In the absence of the Secure Rural Schools option, counties had to revert to collecting their share of timber companies’ local profits. But in some cases, that meant taking a huge loss.
In Oregon, for instance, timber revenue in six counties amounted to less than 10 percent of what they would have received from Secure Rural Schools, according to an Education Week analysis of federal data published by Oregon Public Broadcasting. Fifteen more counties saw at least a 50 percent drop.
In Washington state’s Skamania County, national forests make up 80 percent of the land, and non-taxable state and local government property makes up the vast majority of the remainder, leaving schools with little property tax revenue to tap. The lapse in Secure Rural Schools funding cost the county $830,000.
This fall, the Stevenson-Carson district there cited the Secure Rural Schools funding as it shuttered its only middle school. Close to 50 6th graders moved to the local elementary school and more than 100 7th and 8th graders shifted to the nearby high school. Ten staff members lost their jobs.

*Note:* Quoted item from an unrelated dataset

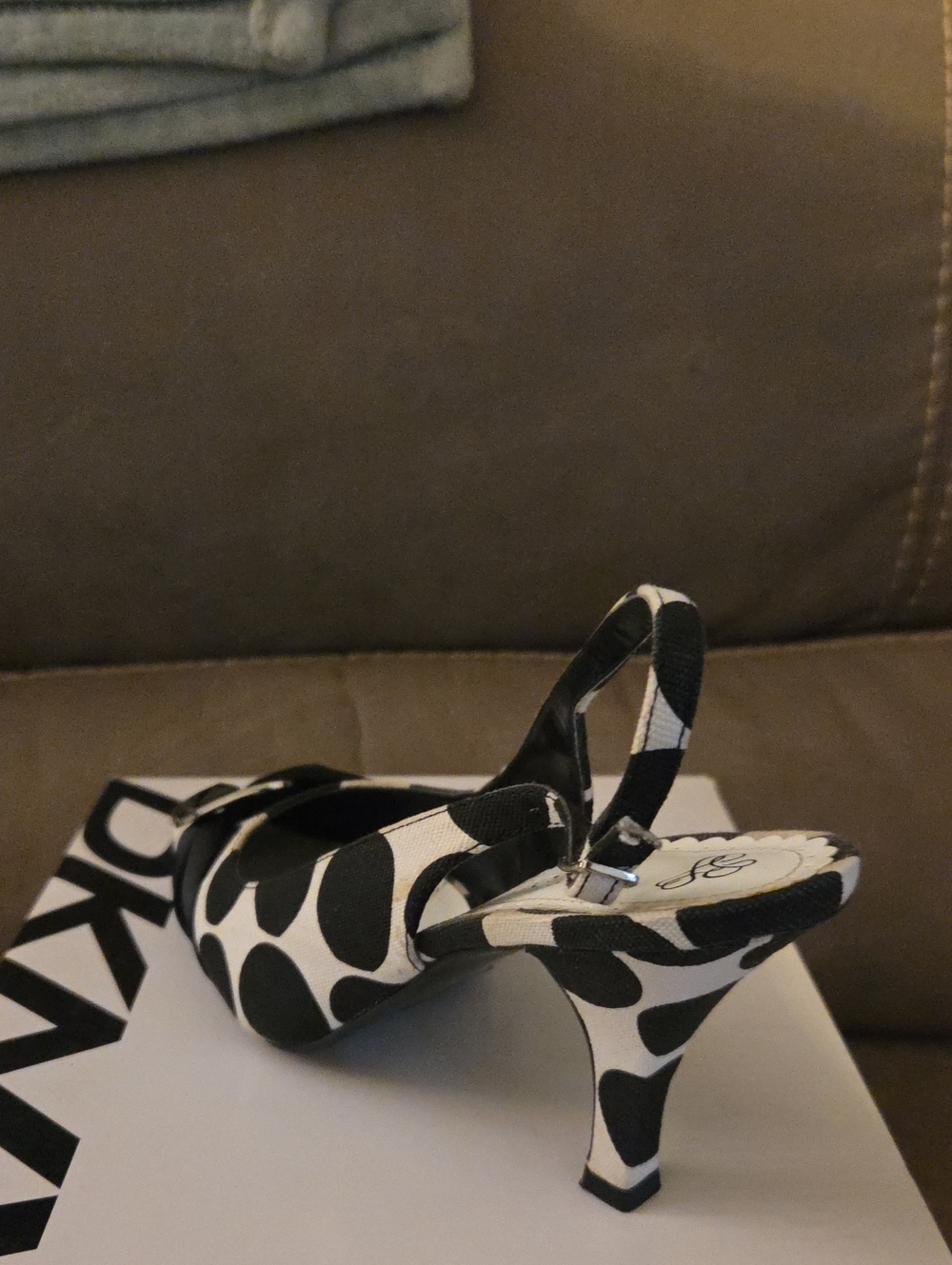 J. Renee Black and White Polka Dot Slingback Heels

Federal funding concerns remain as Congress debates appropriations
While they’re buoyed by the renewal of Secure Rural Schools funding, rural school leaders are still wary about broader prospects for federal funding.

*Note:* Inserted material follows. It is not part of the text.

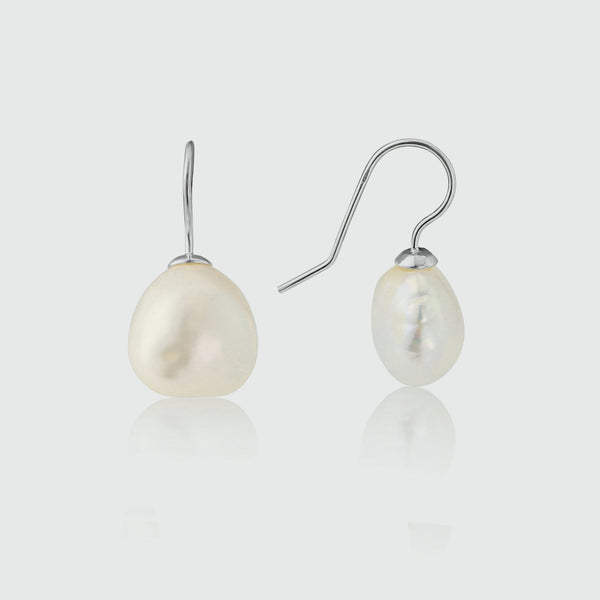 Triora Baroque White Pearl & Silver Drop Earrings-Auree Jewellery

Trump has proposed eliminating the Education Department’s Rural Education Achievement Program grants and consolidating a portion of their $220 million annual funding into a K-12 block grant for states to spend as they please. Republican House lawmakers more recently have advanced an appropriations package that preserves REAP but slashes 25 percent from the $18 billion Title I program for low-income students on which districts in all geographies depend.
The protracted federal shutdown this fall delayed critical Impact Aid payments to hundreds of school districts that intersect with federal property, many in rural communities.
And federal capacity to manage congressionally mandated programs is also in doubt. The U.S. Department of Agriculture, where Secure Rural Schools is housed, has considerably reduced staffing this year through layoffs and proposed reorganizations.
Meanwhile, Education Department staffers who work on programs for rural schools were among those who received layoff notices in October. Congress in November restored those jobs at least through late January. But the administration has since announced it’s shifting those programs to the Department of Labor—a move 20 states have already challenged in court.
Rural school districts are also facing increasing pressure from lawmakers in some states to consolidate, merge, or even close altogether. Research shows school closures aren’t guaranteed to save money—and they can be devastating to communities where schools are among their largest employers and most prominent community hubs. There can also be academic consequences for students when their schools close.
And Secure Rural Schools’ long-term fate isn’t assured. Some lawmakers want to extend it for a longer period next time around. Others say the federal government should instead do more to encourage timber harvesting and, as a result, timber revenues that can flow to schools.
Either way, if Secure Rural Schools funding lapses again, the rural counties that depend on it won’t have access to the limited, alternative revenue they’ve traditionally been able to collect when that happens: Congress earlier this year passed legislation that redirects most of timber company revenue from operations in national forests to the federal government, instead of county coffers.
In the meantime, Green is relieved that his district didn’t make panicked cuts, he said: “Once you lay people off in education, they often don’t come back.”